You hear so much (I guess from the gurus and course sellers) about how “predictable” the cash flow is from rental properties. Well I adamantly disagree. You have a maintenance issue…unpredictable cash flow. Your insurance premium goes up…unpredictable cash flow. Tenant doesn’t pay their rent…unpredictable cash flow. And the list could go on. If you’re just getting started in rental properties, just beware that the cash flow is UNpredictable. 

 @Terra Padgett

So I get what you are saying, but I don’t know if I totally agree with you.  If you want to nit-pick reality, I guess I could get on-board… but the general concept is that you make allowances for the things you are talking about.  I have 37 units.  I have a maintenance reserve account I fund with over $3,000 for repairs a month.  I have an escrow account that I fund with over $5,000/month to cover tax and insurance payments due across the year.    While those escrow accounts are funded from GROSS cash flow - I don’t count those escrows as a part of my income from my business.   They are really pre-paying expenses.

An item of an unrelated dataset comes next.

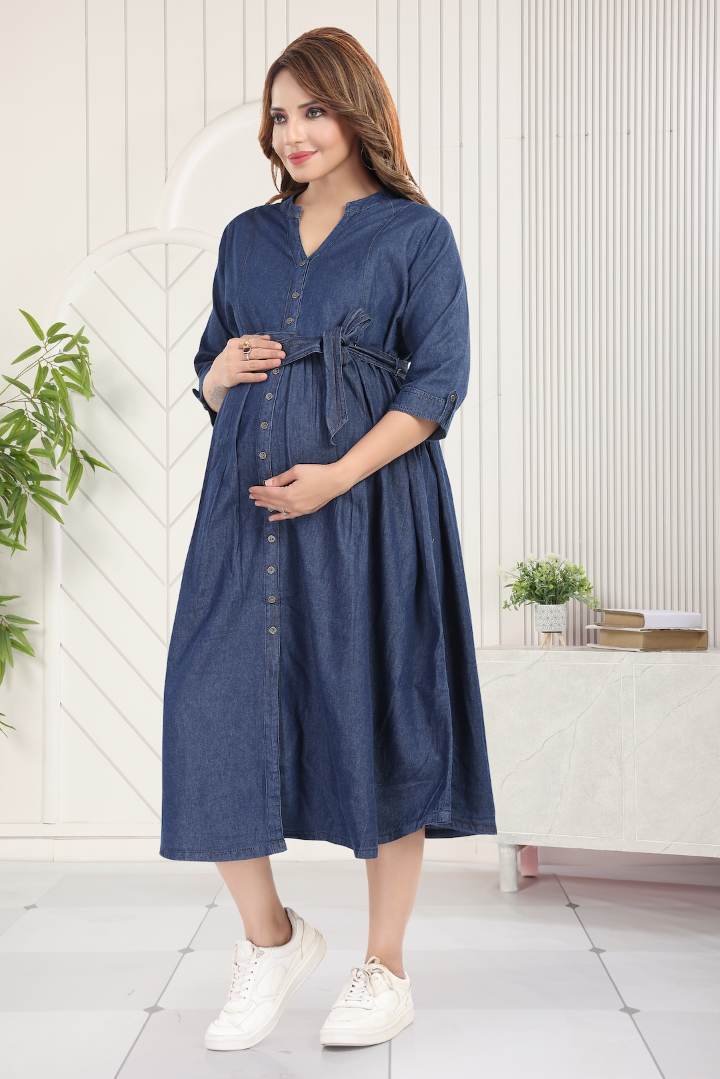 Dark Denim Maternity Feeding Dress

Maintenance issues, taxes, and insurance expenses are all expected things - and frankly they are expected to increase every year to the point I actually over fund my T&I account by about 10% to compensate for those increases.

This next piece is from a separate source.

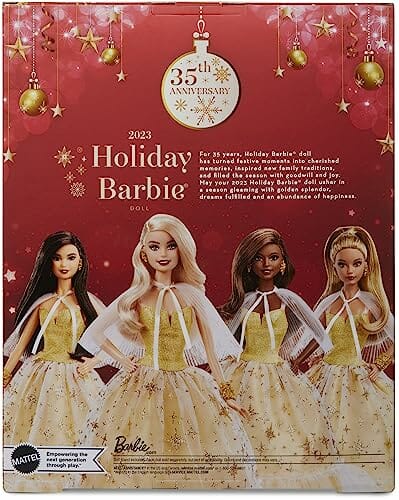 Barbie Lalka świąteczna Barbie Signature z blond włosami w złocistej s - obrazek 2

So if we turn to rent, yes, someone can be late on their rent.  But 9 times out of 10 that is made up for within 30 days by the tenant - so cash flow for the month USUALLY is consistent for the month - but maybe not by the 5th when it is due for us.  

On rare occasions a tenant can’t - or chooses not to recover and they get evicted.  Maybe THEN you see what you hoped wouldn’t happen - that you may be out a month’s rent or so - but that is why we mention a vacancy rate when forecasting rents, right?  To say repairs and price increases imply unpredictable cash flow I think is an over statement if you are running your business right. 

Does a credit card company say their cash flow is unpredictable because of late payments and defaults and charge-offs?  No - they expect them.  They plan for them - in essence they budget for them to the point they are listed in their annual report.